(Beginning of Data shown)

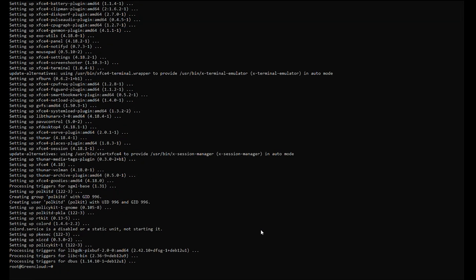By default, Debian might not have a graphical login manager installed. If you prefer a graphical login screen instead of logging in directly through the console, you can install a display manager like LightDM.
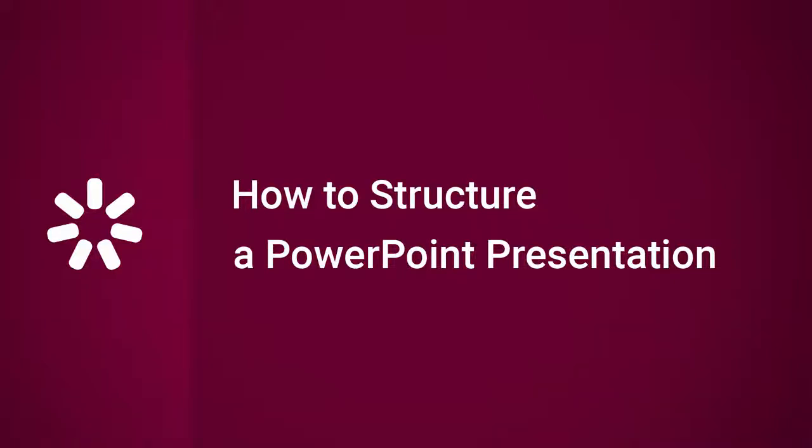Hey everybody, it's Brian from iSpring, and today I'm going to show you a few ways to structure a PowerPoint presentation.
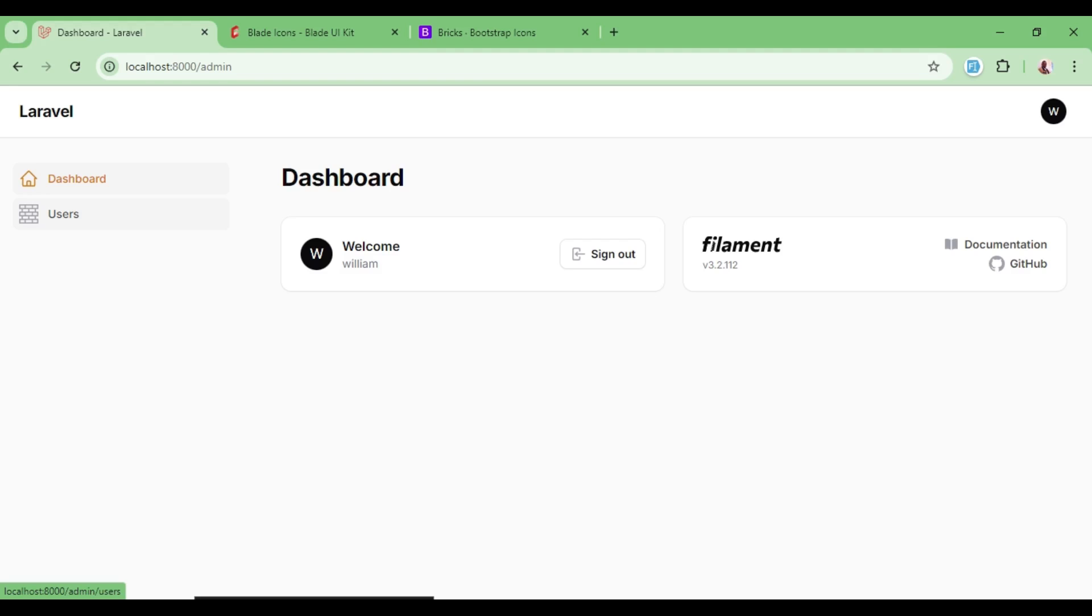Filament usually also has its own default icons for specific actions, for example, filtering, a delete icon, and so on and so forth. Even those can be customized, but that we will do in a different video coming up soon.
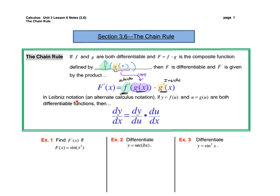There is also what's called Leibniz notation, which is just an alternative calculus notation — you might see this somewhere else. If y equals f of u and u equals g of x are both differentiable functions — meaning functions you can take the derivative of — then dy/dx, the derivative, is equal to dy/du times du/dx.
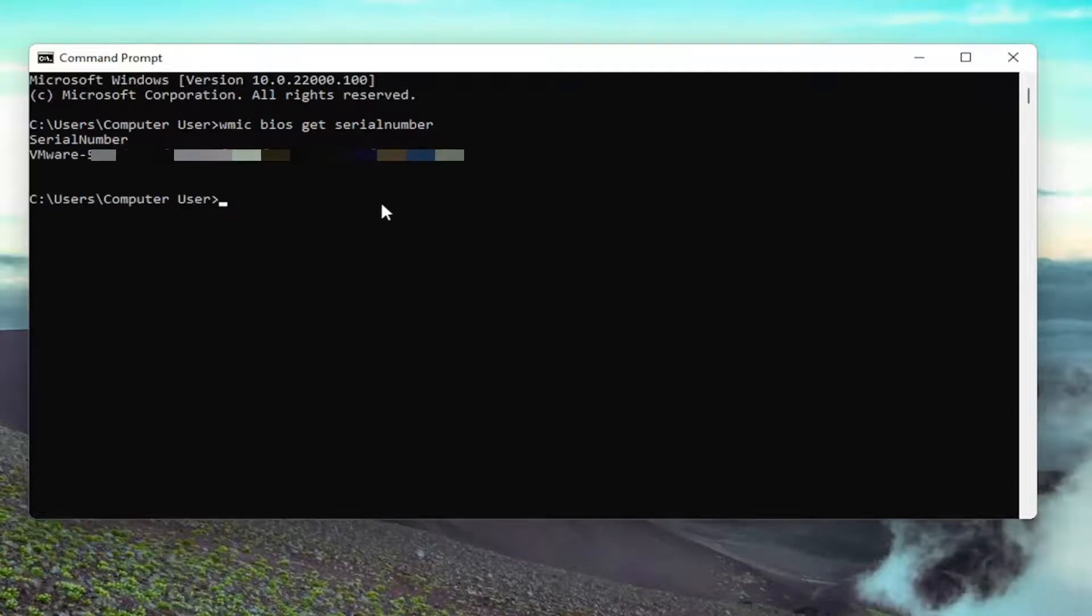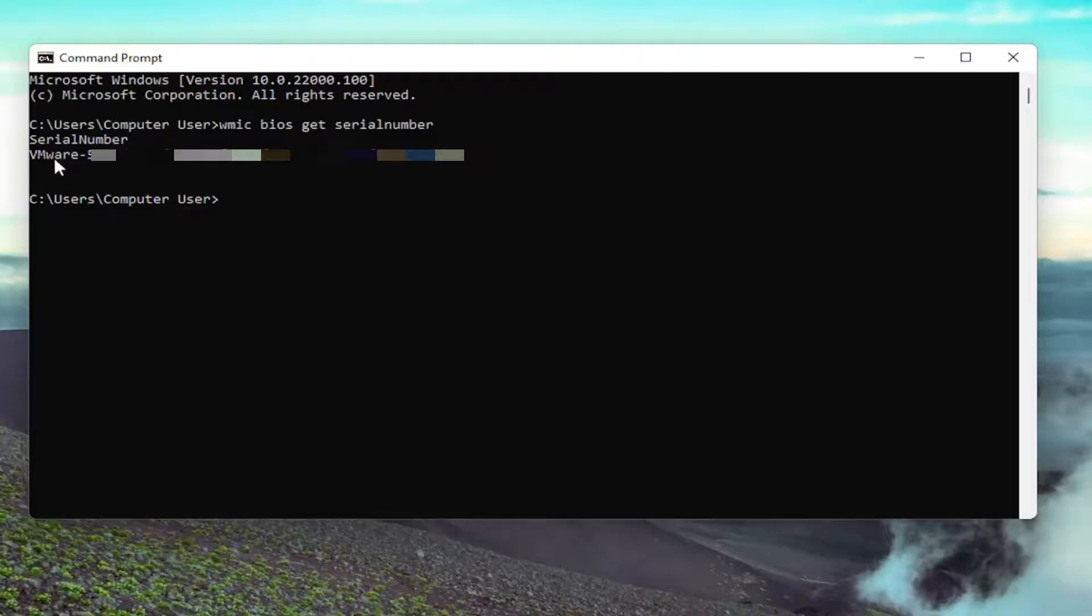And you want to hit ENTER. And here you go guys, it should appear over here on the right side. I'm going to just blur this out in my case, but you guys should be able to see it over here. So again, on the right side it will have your computer's serial number.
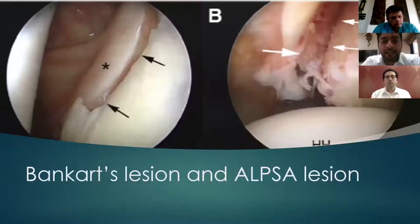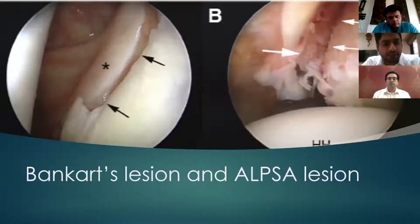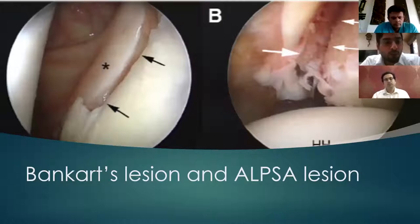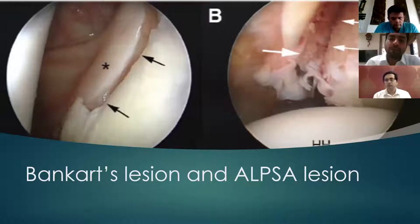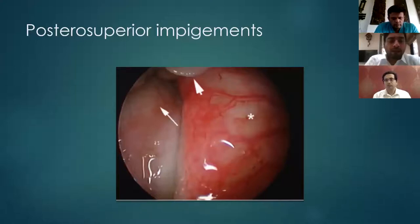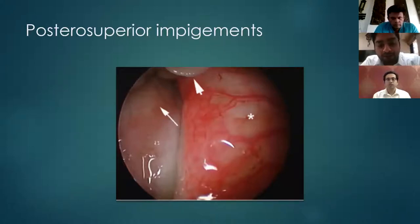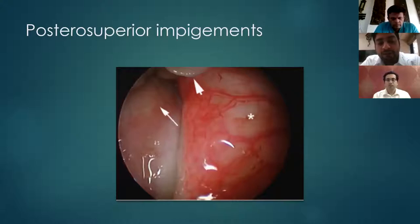The Bankart lesion shows labral detachment inferior to the equator, a most likely cause of instability. Whereas ALPSA lesions — anterior labral ligamentous periosteal sleeve avulsions — occur where the labrum is torn and the IGHL is scarred to the medial glenoid neck, usually seen in cases of multiple dislocations. In posterior superior impingement, the arthroscopic picture shows hypervascularity of the labrum and small cartilaginous defects at the supraspinatus insertion, with articular-side fraying of the supraspinatus tendon.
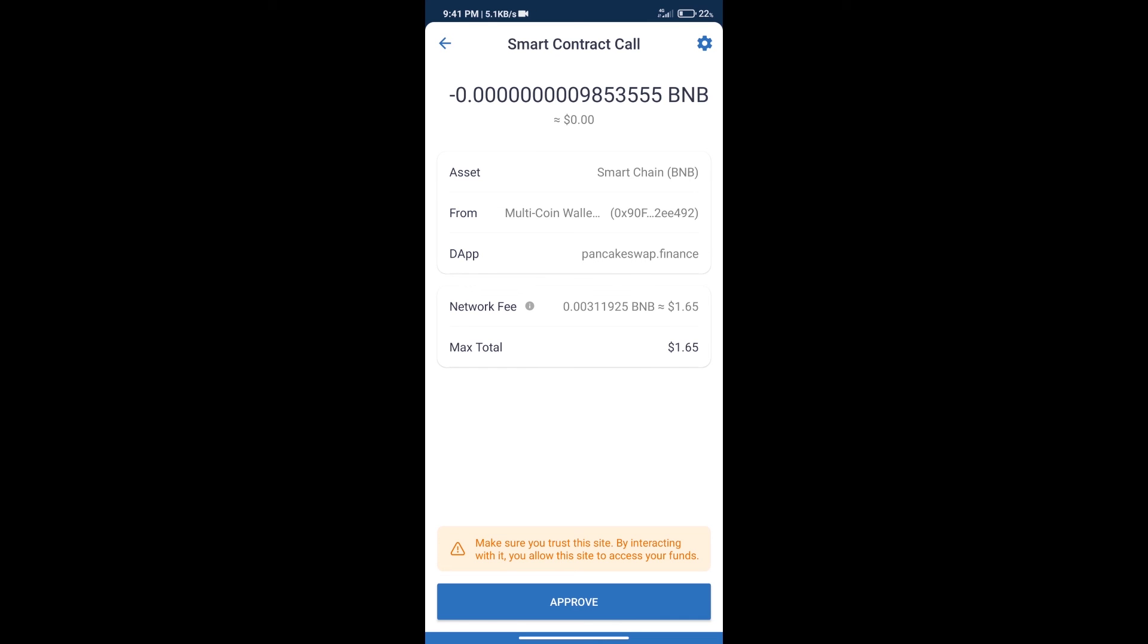And finally, we will get this token successfully. So guys, I have only shared the technical process. Not financial advice. Invest in cryptocurrency at your own risk, and please check everything before investing. Thanks for watching.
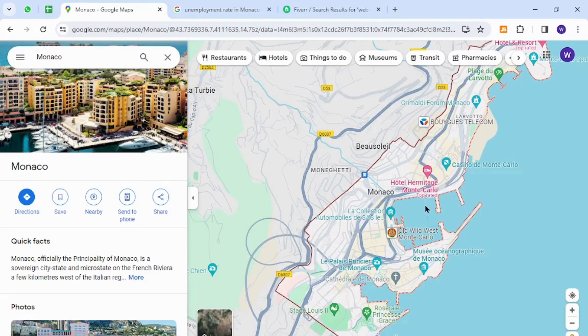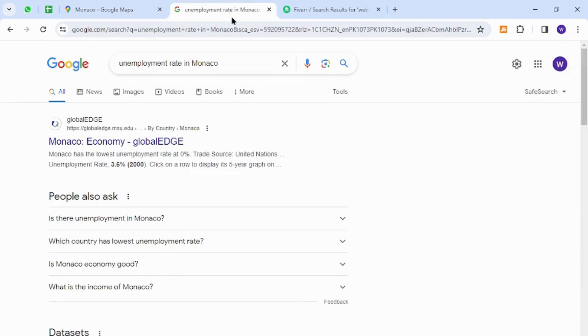Hello and welcome back to my channel. In today's video, I will show you how to make money online from Monaco using your keyboard. Let's get started. Interestingly, the unemployment rate in Monaco is 3.6 percent.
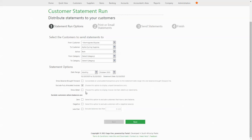We have also given you the option to exclude certain customers from the statement run. These include customers that have a zero balance — if they don't owe you any money, then you may not want to send them a statement. Customers with a negative balance — you may not want to send statements to customers reminding them that you actually owe them money. And finally, you may only want to send statements to your large customers with big outstanding balances. In this instance you can specify a minimum outstanding amount before statements will be sent.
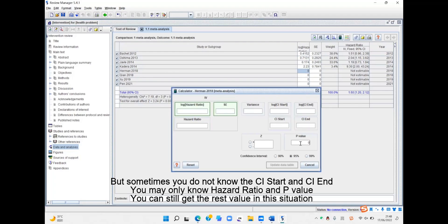Sometimes you do not know the CI start and CI end. You may only know the hazard ratio and p-value, but you can still get the remaining values in this situation.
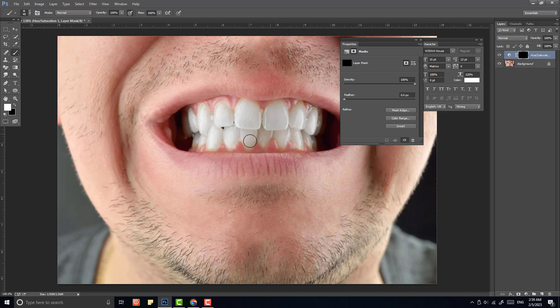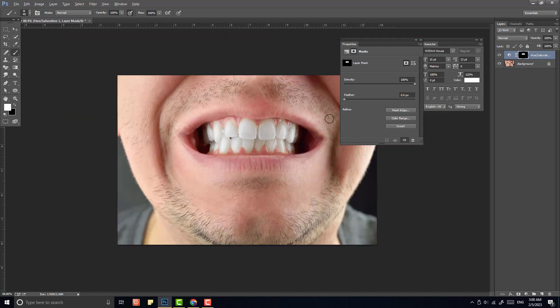This is the solution before and after. Before and after. So don't forget to subscribe to our channel.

(End of Data shown)

## Your goal
Print the entries as they stand, first line through the line holding "Hey everybody, it's", with every picture removed.

## Solution to the exercise
By default, Debian might not have a graphical login manager installed. If you prefer a graphical login screen instead of logging in directly through the console, you can install a display manager like LightDM.
Hey everybody, it's Brian from iSpring, and today I'm going to show you a few ways to structure a PowerPoint presentation.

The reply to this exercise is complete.